Trading at the official NAFEX window
The Naira depreciated against the dollar at the Investors and Exporters (I&E) window on Monday, closing at N409.67/$1. This represents a N5 drop when compared to the N404.67/$1 that it closed on the previous trading day.
- The opening indicative rate closed at N405.13 to a dollar on Monday. This represents a N3.50 drop when compared to N401.63 to a dollar that was recorded the previous trading day on Friday, February 12, 2021.
- An exchange rate of N422.99 to a dollar was the highest rate during intra-day trading before it closed at N409.67 to a dollar. It also sold for as low as N390/$1 during intra-day trading.
- Forex turnover at the Investor and Exporters (I&E) window dropped by 70.8% on Monday, February 15, 2021.
- According to the data from FMDQ, forex turnover declined from $96.5 million on Friday, February 12, 2021, to $28.21 million on Monday, February 15, 2021.
The world’s largest cryptocurrency, Bitcoin, reached a new record high as it is close to breaching the $50,000 mark for the first time.
- The prices are up by some 40% in February and were about $48,000 on Monday afternoon.
- Its record-breaking rally is however regarded as less volatile than 2017.
- A single bitcoin now trades for N20.2 million up 9.3% while Ethereum trades for N747.7k up 9.69%
- The recent rise in the price of bitcoin has been attributed to its increasingly wider adoption suggesting it is going mainstream. The recent purchase of $1.5 billion worth of bitcoin by Tesla has also helped boost prices.

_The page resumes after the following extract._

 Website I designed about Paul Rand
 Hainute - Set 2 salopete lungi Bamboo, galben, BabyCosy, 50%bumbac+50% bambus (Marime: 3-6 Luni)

- Global investors are also worried that the plans by the US and other western governments to inject more stimulus into the global economy may trigger a rise in inflation.

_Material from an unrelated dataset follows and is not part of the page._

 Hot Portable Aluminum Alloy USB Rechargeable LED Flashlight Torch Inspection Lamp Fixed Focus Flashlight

- Thus they are fleeing to bitcoin as a hedge against inflation.
Oil price goes past $63 mark
Brent crude oil price hit $63.23, on Monday evening, the highest price since January last year as it goes past the $63 mark.
- This came as a result of output curbs from top oil producers, dropping down global inventories.
- The continuous rise in oil prices is also aided by expectations that production curbs by OPEC+ would tighten the market in the first quarter with an added boost from an arctic blast in the US reaching all the way to Texas to potentially disrupt flow from the Permian, America’s largest shale patch.
- OPEC oil output has risen for the seventh month in January after the group and its allies agreed to ease record supply cuts further, although an involuntary drop in Nigeria’s exports has limited the increase.
- Meanwhile, WTI Crude closed at $60.12 (+0.65), Bonny Light $60.77 (+0.37), and OPEC Basket $60.54 (+0.09).
Nigeria’s external reserve dips despite rallying oil prices
- The external reserve dipped further to $35.757 billion as of February 12, 2021.
- This represents a decline of 0.13% compared to $35.804 billion as of 11th February 2021.
- The foreign reserve has been on a steady decline since the 25th of January 2021, losing a total of $587 million in 15 days.
- Meanwhile, this is still an improvement on the $35.37 billion that it was as of December 31, 2020.
Nigeria also needs the external reserves to hit $40 billion if it is to adequately meet some of the pent up demand that has piled up since 2020 when oil prices crashed and the pandemic caused major economic lockdowns.